[[ Records provided, beginning ]]
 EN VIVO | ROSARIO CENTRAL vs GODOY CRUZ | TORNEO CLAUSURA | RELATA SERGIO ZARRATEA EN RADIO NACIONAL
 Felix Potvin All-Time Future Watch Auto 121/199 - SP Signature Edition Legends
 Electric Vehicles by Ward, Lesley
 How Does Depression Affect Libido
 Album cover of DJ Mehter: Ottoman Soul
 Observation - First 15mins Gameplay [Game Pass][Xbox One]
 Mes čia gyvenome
[[ Records provided, end ]]
[[ Records provided, beginning ]]
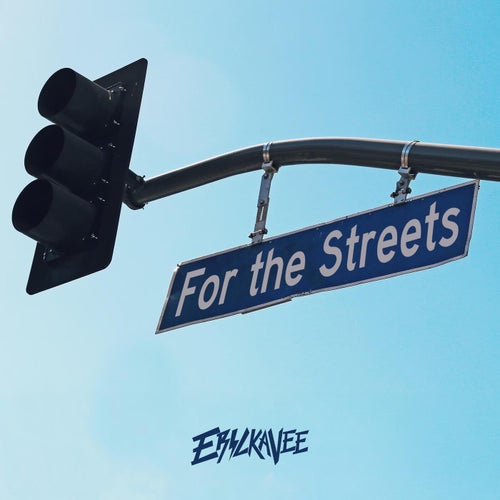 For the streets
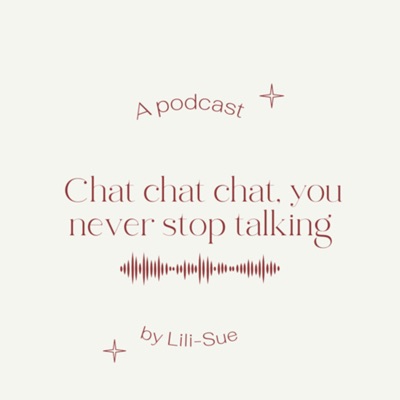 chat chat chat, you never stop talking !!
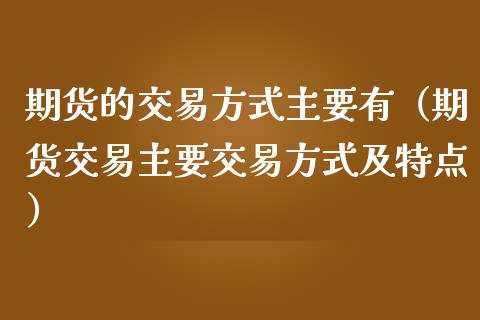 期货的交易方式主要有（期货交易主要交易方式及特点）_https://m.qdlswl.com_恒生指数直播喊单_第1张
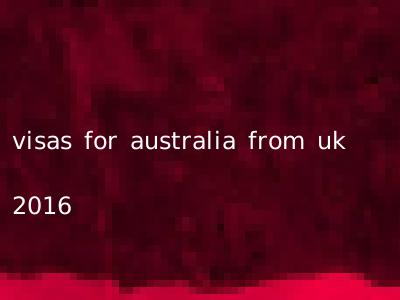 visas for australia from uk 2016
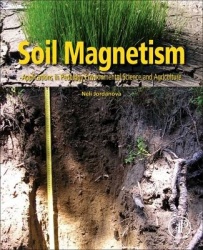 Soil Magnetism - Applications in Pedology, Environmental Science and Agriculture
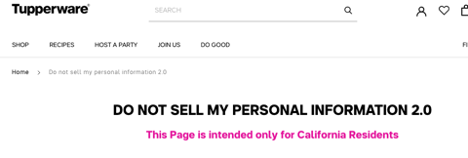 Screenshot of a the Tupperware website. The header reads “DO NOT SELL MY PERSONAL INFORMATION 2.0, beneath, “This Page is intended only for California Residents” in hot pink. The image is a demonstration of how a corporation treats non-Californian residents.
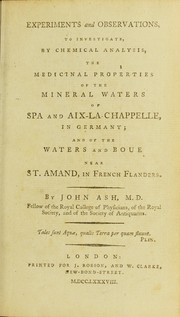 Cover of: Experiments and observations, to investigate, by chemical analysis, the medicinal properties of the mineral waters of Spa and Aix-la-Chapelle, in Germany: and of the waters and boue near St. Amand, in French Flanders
[[ Records provided, end ]]
Exercise aim: From the entries above, print the lines beginning at the one with "EN VIVO | ROSARIO" and stopping after the one with "Mes čia gyvenome", exactly as written and with nothing else.

Result of the exercise:
 EN VIVO | ROSARIO CENTRAL vs GODOY CRUZ | TORNEO CLAUSURA | RELATA SERGIO ZARRATEA EN RADIO NACIONAL
 Felix Potvin All-Time Future Watch Auto 121/199 - SP Signature Edition Legends
 Electric Vehicles by Ward, Lesley
 How Does Depression Affect Libido
 Album cover of DJ Mehter: Ottoman Soul
 Observation - First 15mins Gameplay [Game Pass][Xbox One]
 Mes čia gyvenome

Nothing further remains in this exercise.